Le prince demanda qui elle était, comment elle était venue là, et elle leva
vers lui doucement, mais tristement, ses grands yeux bleus puis qu'elle ne
pouvait parler.
Alors il la prit par la main et la conduisit au palais. A chaque pas, comme la
sorcière l'en avait prévenue, il lui semblait marcher sur des aiguilles
pointues et des couteaux aiguisés, mais elle supportait son mal. Sa main dans
la main du prince, elle montait aussi légère qu'une bulle et lui-même et tous
les assistants s'émerveillèrent de sa démarche gracieuse et ondulante.
On lui fit revêtir les plus précieux vêtements de soie et de mousseline, elle
était au château la plus belle, mais elle restait muette. Des esclaves
ravissantes, parées de soie et d'or, venaient chanter devant le prince et ses
royaux parents. L'une d'elles avait une voix plus belle encore que les autres.
Le prince l'applaudissait et lui souriait, alors une tristesse envahit la petite
sirène, elle savait qu'elle-même aurait chanté encore plus merveilleusement
et elle pensait : « Oh! si seulement il savait que pour rester près de lui,
j'ai renoncé à ma voix à tout jamais ! »
Puis les esclaves commencèrent à exécuter au son d'une musique admirable, des
danses légères et gracieuses. Alors la petite sirène, élevant ses beaux bras
blancs, se dressa sur la pointe des pieds et dansa avec plus de grâce qu'aucune
autre. Chaque mouvement révélait davantage le charme de tout son être et ses
yeux s'adressaient au coeur plus profondément que le chant des esclaves.
Tous en étaient enchantés et surtout le prince qui l'appelait sa petite enfant
trouvée.
Elle continuait à danser et danser mais chaque fois que son pied touchait le
sol, C'était comme si elle avait marché sur des couteaux aiguisés. Le prince
voulut l'avoir toujours auprès de lui, il lui permit de dormir devant sa porte
sur un coussin de velours.
Il lui fit faire un habit d'homme pour qu'elle pût le suivre à cheval. Ils
chevauchaient à travers les bois embaumés où les branches vertes lui
battaient les épaules, et les petits oiseaux chantaient dans le frais
feuillage. Elle grimpa avec le prince sur les hautes montagnes et quand ses
pieds si délicats saignaient et que les autres s'en apercevaient, elle riait et
le suivait là- haut d'où ils admiraient les nuages défilant au-dessous d'eux
comme un vol d'oiseau migrateur partant vers des cieux lointains.

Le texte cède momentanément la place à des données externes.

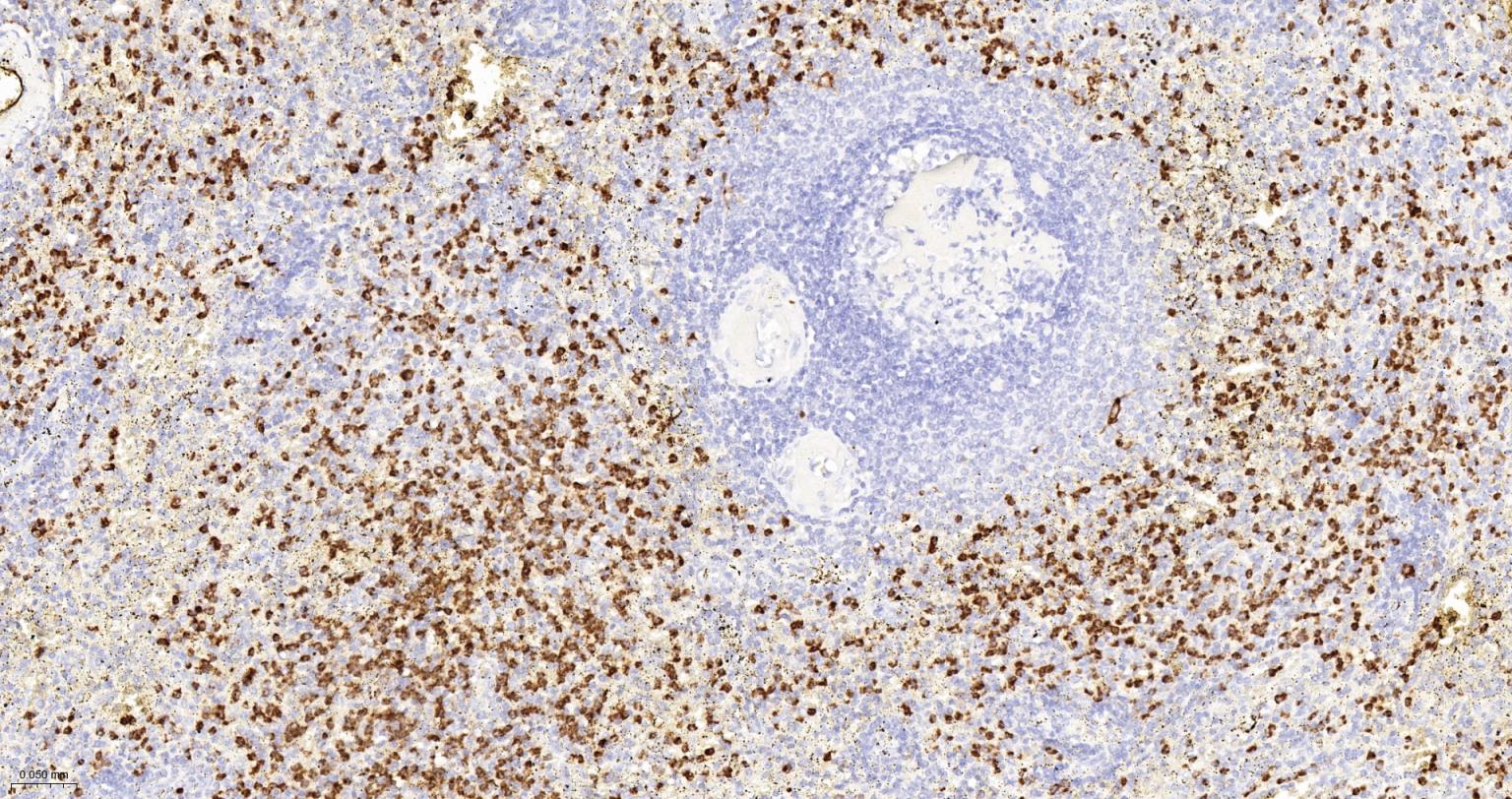 髓过氧化物酶重组兔单抗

La nuit, au château du prince, lorsque les autres dormaient, elle sortait sur
le large escalier de marbre et, debout dans l'eau froide, elle rafraîchissait
ses pieds brûlants. Et puis, elle pensait aux siens, en bas, au fond de la mer.
Une nuit elle vit ses soeurs qui nageaient enlacées, elles chantaient
tristement et elle leur fit signe. Ses soeurs la reconnurent et lui dirent
combien elle avait fait de peine à tous. Depuis lors, elles lui rendirent
visite chaque soir, une fois même la petite sirène aperçut au loin sa vieille
grand-mère qui depuis bien des années n'était montée à travers la mer et même
le roi, son père, avec sa couronne sur la tête. Tous deux lui tendaient le
bras mais n'osaient s'approcher au- tant que ses soeurs.
De jour en jour, elle devenait plus chère au prince ; il l'aimait comme on aime
un gentil enfant tendrement chéri, mais en faire une reine ! Il n'en avait pas
la moindre idée, et c'est sa femme qu'il fallait qu'elle devînt, sinon elle
n'aurait jamais une âme immortelle et, au matin qui suivrait le jour de ses
noces, elle ne serait plus qu'écume sur la mer.
- Ne m'aimes-tu pas mieux que toutes les autres ? semblaient dire les yeux de la
petite sirène quand il la prenait dans ses bras et baisait son beau front.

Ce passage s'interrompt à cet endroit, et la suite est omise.